Using Beautiful Soup for Web Scraping

Beautiful Soup is one of the most popular libraries for parsing HTML and scraping data from websites in Python. In this tutorial, we'll go through everything you need to know to start a full fledged scraping project with Beautiful Soup.

Installing Beautiful Soup

The first step is to install Beautiful Soup. You can do this with pip:

pip install beautifulsoup4

This will grab the latest version of Beautiful Soup and its dependencies.

Parsing HTML with BeautifulSoup

Now that Beautiful Soup is installed, we can start parsing HTML. To create a BeautifulSoup object, you need to pass in some HTML content and specify the parser to use.

Common parsers include 'html.parser', 'lxml', and 'html5lib'. Here's an example:

from bs4 import BeautifulSoup

html = """
<html>
<head><title>Page Title</title></head> 
<body>
<p>This is a paragraph.</p>
<p>This is another paragraph.</p>
</body>
</html>
"""

soup = BeautifulSoup(html, 'html.parser')

Now the HTML is stored in a BeautifulSoup object called 'soup' that we can query.

BeautifulSoup represents the HTML document as a parse tree that can be traversed and searched.
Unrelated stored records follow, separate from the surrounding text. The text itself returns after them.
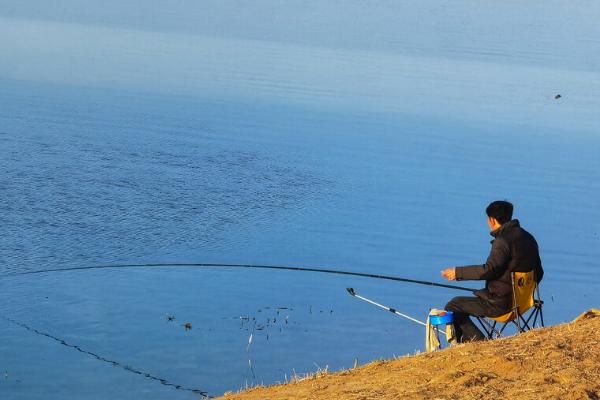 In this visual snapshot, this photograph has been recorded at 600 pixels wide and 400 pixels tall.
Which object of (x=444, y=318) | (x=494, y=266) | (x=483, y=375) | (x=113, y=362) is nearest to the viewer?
(x=483, y=375)

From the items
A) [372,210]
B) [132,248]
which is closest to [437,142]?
[372,210]

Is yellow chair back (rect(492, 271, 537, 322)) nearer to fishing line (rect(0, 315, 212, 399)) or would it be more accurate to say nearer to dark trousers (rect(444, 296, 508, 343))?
dark trousers (rect(444, 296, 508, 343))

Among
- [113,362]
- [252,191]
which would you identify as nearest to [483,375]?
[113,362]

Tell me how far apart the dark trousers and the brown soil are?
29 cm

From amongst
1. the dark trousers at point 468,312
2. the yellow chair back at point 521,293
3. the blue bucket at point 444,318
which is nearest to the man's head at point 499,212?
the yellow chair back at point 521,293

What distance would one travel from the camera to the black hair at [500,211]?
23.9ft

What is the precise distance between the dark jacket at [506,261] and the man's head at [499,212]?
0.04 m

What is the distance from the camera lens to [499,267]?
7246mm

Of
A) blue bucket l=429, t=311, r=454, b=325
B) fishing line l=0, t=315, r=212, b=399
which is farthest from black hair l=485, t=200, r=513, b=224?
fishing line l=0, t=315, r=212, b=399

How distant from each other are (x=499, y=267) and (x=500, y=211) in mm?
379

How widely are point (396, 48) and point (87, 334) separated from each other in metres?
28.5

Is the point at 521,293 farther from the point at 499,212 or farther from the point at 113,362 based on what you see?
the point at 113,362

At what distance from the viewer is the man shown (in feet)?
23.6

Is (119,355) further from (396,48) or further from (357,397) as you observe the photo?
(396,48)
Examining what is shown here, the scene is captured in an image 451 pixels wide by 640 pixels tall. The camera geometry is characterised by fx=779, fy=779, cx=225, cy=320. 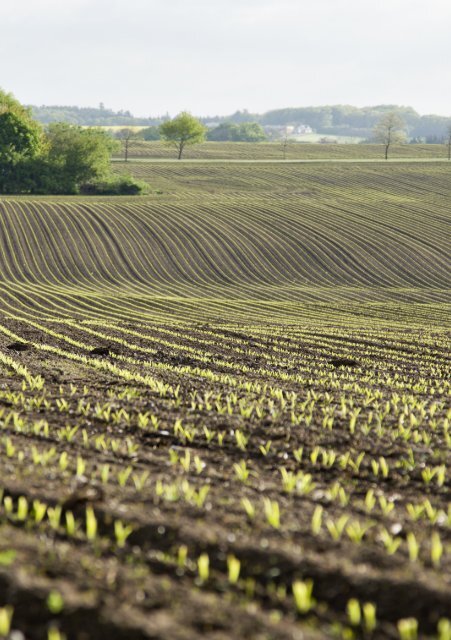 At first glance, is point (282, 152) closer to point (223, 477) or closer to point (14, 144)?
point (14, 144)

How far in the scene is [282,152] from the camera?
132375mm

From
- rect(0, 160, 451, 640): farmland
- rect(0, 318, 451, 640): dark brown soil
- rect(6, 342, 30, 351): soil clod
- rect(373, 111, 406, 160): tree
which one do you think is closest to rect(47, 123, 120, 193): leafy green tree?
rect(0, 160, 451, 640): farmland

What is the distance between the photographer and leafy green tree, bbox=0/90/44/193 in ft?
266

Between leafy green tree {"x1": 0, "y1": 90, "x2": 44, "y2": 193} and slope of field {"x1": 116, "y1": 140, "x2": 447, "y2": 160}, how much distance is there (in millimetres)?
36810

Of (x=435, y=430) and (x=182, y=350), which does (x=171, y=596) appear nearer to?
(x=435, y=430)

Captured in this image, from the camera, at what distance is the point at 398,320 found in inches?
1398

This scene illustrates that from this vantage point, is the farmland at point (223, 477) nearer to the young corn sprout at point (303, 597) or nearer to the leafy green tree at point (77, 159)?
the young corn sprout at point (303, 597)

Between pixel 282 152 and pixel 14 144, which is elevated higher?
pixel 282 152

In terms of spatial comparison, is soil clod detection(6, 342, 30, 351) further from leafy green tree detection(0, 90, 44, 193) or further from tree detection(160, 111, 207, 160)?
tree detection(160, 111, 207, 160)

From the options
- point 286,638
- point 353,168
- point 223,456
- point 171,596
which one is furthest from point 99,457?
point 353,168

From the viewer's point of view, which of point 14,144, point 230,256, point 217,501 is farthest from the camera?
point 14,144

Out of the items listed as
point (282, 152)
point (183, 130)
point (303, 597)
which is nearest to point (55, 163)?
point (183, 130)

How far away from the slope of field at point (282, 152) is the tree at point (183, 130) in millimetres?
3078

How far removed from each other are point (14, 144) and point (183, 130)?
42669 mm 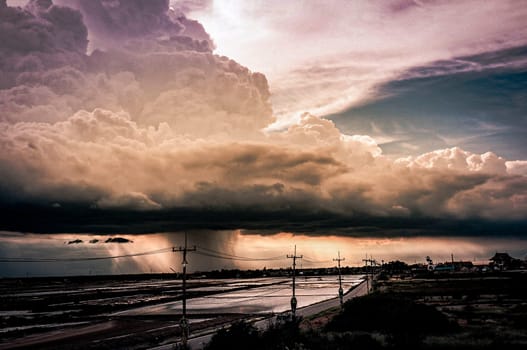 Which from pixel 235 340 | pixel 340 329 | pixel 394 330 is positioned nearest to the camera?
pixel 235 340

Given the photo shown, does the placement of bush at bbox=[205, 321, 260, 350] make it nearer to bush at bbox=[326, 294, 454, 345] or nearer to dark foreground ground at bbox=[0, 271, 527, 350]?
dark foreground ground at bbox=[0, 271, 527, 350]

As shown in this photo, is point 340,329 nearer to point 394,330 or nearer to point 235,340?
point 394,330

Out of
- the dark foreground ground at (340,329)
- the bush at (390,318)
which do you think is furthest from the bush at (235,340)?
the bush at (390,318)

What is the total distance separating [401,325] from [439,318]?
415 cm

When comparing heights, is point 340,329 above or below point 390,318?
below

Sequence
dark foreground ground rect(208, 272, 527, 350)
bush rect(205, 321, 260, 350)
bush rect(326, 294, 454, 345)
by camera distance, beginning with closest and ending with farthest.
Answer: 1. bush rect(205, 321, 260, 350)
2. dark foreground ground rect(208, 272, 527, 350)
3. bush rect(326, 294, 454, 345)

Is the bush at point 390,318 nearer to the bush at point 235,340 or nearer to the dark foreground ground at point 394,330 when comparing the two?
the dark foreground ground at point 394,330

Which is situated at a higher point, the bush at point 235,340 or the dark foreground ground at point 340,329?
the bush at point 235,340

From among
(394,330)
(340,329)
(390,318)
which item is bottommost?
(340,329)

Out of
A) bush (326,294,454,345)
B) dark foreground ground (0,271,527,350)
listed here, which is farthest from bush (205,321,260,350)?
bush (326,294,454,345)

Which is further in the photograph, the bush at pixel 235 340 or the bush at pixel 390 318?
the bush at pixel 390 318

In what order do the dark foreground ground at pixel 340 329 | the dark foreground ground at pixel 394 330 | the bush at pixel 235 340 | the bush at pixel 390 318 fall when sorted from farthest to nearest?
1. the bush at pixel 390 318
2. the dark foreground ground at pixel 340 329
3. the dark foreground ground at pixel 394 330
4. the bush at pixel 235 340

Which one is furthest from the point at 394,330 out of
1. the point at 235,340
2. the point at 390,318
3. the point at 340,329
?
the point at 235,340

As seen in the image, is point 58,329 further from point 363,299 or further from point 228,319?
point 363,299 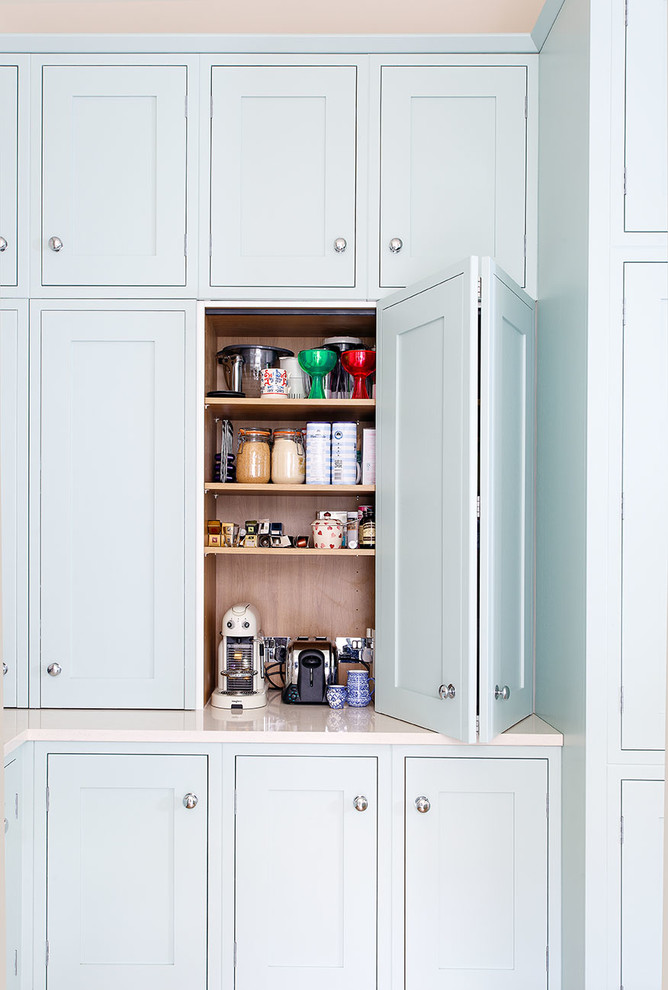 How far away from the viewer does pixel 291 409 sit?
6.98 feet

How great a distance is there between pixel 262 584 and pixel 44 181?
1278 mm

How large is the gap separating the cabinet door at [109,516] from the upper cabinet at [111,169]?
0.43 ft

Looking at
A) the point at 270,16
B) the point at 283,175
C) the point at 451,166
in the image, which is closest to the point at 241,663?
the point at 283,175

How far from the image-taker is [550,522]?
186 centimetres

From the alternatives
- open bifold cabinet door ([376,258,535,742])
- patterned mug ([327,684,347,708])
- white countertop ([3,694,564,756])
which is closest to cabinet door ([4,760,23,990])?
white countertop ([3,694,564,756])

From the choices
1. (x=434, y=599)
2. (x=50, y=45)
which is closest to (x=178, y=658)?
(x=434, y=599)

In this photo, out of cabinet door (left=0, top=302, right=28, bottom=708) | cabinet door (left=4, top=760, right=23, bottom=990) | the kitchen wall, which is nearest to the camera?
cabinet door (left=4, top=760, right=23, bottom=990)

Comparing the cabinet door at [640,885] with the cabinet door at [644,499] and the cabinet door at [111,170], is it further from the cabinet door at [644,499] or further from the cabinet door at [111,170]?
the cabinet door at [111,170]

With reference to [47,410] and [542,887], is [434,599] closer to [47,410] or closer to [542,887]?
[542,887]

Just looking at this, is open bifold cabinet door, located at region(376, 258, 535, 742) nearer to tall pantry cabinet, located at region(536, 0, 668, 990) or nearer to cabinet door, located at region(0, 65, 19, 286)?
tall pantry cabinet, located at region(536, 0, 668, 990)

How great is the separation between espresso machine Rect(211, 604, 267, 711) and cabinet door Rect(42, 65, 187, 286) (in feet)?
3.08

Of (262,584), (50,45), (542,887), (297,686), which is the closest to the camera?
(542,887)

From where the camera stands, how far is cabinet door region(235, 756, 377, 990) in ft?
5.88

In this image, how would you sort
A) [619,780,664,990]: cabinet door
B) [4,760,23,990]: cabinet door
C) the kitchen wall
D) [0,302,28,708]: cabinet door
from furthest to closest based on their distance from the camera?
the kitchen wall, [0,302,28,708]: cabinet door, [4,760,23,990]: cabinet door, [619,780,664,990]: cabinet door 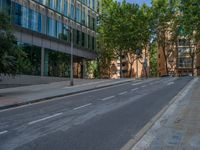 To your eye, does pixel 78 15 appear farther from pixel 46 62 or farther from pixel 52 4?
pixel 46 62

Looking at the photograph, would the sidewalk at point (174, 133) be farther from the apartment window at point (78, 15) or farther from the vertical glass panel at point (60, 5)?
the apartment window at point (78, 15)

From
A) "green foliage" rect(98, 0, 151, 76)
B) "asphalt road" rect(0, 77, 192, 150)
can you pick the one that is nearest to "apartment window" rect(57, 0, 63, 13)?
"green foliage" rect(98, 0, 151, 76)

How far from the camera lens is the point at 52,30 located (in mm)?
51906

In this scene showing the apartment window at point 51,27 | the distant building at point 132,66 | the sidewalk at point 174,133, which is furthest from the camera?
the distant building at point 132,66

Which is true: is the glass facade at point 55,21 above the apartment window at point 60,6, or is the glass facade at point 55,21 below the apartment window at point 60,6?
below

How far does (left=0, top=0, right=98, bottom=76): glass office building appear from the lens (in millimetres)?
43841

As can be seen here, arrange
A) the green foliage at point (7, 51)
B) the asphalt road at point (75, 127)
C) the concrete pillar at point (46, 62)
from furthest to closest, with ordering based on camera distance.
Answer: the concrete pillar at point (46, 62) → the green foliage at point (7, 51) → the asphalt road at point (75, 127)

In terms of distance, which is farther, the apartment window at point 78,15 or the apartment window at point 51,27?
the apartment window at point 78,15

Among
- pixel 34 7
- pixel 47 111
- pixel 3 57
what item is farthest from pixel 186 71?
pixel 47 111

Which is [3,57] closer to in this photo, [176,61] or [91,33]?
[91,33]

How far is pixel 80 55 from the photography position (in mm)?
62094

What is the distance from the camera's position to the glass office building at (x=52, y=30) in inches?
1726

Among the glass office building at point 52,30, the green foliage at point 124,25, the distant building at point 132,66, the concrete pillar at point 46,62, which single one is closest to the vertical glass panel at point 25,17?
the glass office building at point 52,30

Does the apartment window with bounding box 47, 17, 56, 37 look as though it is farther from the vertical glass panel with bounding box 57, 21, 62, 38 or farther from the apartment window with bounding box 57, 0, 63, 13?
the apartment window with bounding box 57, 0, 63, 13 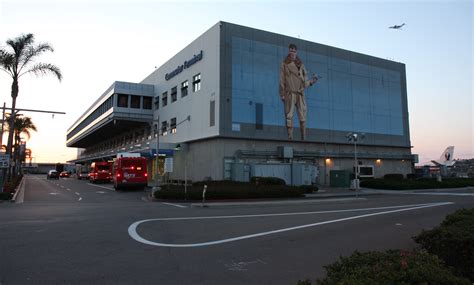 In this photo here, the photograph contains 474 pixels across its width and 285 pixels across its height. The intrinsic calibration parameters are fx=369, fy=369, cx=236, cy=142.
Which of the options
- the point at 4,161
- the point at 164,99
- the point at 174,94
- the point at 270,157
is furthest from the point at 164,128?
the point at 4,161

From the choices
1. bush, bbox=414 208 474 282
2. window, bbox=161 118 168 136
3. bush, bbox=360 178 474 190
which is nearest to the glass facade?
bush, bbox=360 178 474 190

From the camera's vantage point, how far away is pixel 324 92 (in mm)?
42812

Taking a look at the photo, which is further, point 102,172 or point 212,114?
point 102,172

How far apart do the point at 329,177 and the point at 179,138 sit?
1779cm

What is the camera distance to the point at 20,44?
28969 millimetres

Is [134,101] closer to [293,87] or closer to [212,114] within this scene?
[212,114]

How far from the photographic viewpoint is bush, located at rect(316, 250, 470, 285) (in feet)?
12.5

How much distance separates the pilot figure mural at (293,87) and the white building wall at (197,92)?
776 centimetres

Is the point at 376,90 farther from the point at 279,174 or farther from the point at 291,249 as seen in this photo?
the point at 291,249

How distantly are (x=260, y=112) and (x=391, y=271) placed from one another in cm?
3392

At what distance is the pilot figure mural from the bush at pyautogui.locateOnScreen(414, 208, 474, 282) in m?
32.5

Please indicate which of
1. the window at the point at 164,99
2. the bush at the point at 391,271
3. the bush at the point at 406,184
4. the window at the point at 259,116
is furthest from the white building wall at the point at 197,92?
the bush at the point at 391,271

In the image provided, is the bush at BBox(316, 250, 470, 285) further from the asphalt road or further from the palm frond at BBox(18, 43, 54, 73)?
the palm frond at BBox(18, 43, 54, 73)

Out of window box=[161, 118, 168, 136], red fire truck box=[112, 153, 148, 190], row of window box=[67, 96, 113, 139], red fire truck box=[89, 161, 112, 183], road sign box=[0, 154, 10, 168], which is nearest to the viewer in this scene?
road sign box=[0, 154, 10, 168] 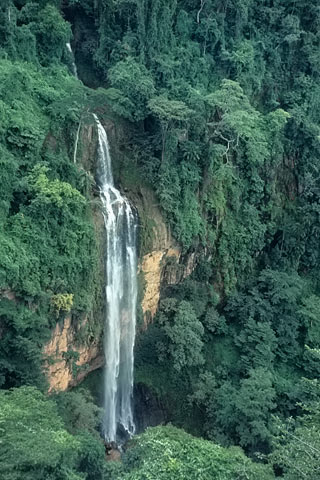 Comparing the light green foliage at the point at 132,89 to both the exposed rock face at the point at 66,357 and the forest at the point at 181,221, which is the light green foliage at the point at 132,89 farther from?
the exposed rock face at the point at 66,357

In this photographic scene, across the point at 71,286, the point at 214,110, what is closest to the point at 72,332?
the point at 71,286

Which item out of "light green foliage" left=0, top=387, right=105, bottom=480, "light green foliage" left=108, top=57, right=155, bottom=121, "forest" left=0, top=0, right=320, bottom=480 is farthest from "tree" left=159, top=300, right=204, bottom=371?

Common navigation methods include:

  • soup.title - Get the <title> element
  • soup.head - Get the <head> element
  • soup.body - Get the <body> element
  • soup.p - Get all <p> elements
  • soup.find_all('p') - Get a list of all <p> tags

We can also navigate relationships like:

  • soup.head.title
  • soup.body.p

These return Tag objects that contain the parsed element.

Extracting Data from Tags

Now that we have Tag objects, we can extract useful data from them:

  • tag.name - Tag name as a string
  • tag.text - Tag contents as a NavigableString
  • tag['id'] - Value of id attribute
  • tag.attrs - Dictionary of all attributes